_Assignment:_ The full listing, word for word and free of images, is the expected result.

_Information provided:_
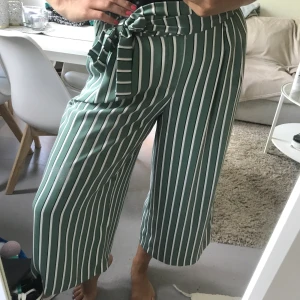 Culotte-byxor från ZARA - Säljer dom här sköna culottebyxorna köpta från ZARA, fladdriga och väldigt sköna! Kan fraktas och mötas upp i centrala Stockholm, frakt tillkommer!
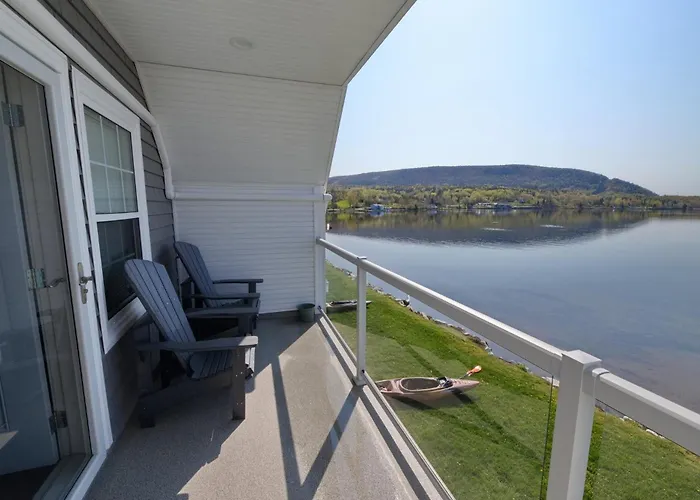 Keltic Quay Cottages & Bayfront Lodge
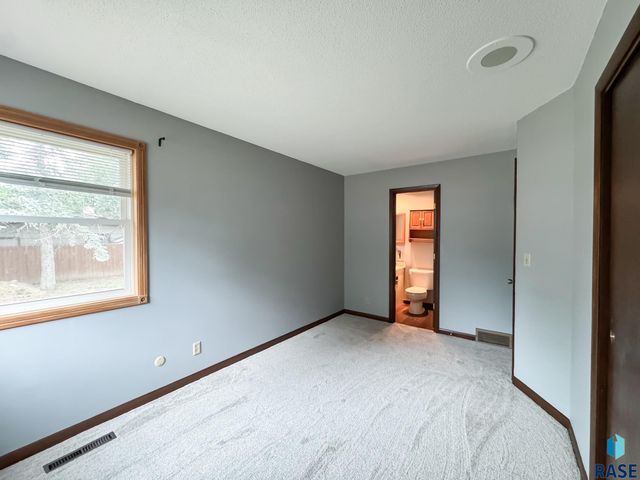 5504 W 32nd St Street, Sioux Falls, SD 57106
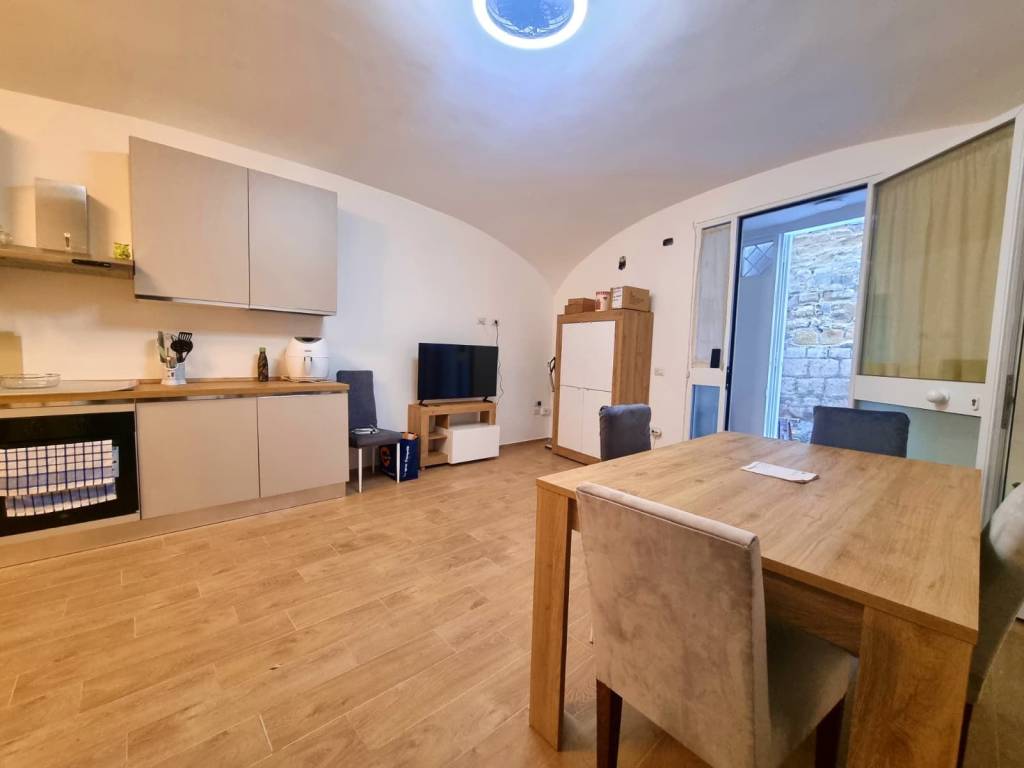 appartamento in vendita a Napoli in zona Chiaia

_Written response:_
 Culotte-byxor från ZARA - Säljer dom här sköna culottebyxorna köpta från ZARA, fladdriga och väldigt sköna! Kan fraktas och mötas upp i centrala Stockholm, frakt tillkommer!
 Keltic Quay Cottages & Bayfront Lodge
 5504 W 32nd St Street, Sioux Falls, SD 57106
 appartamento in vendita a Napoli in zona Chiaia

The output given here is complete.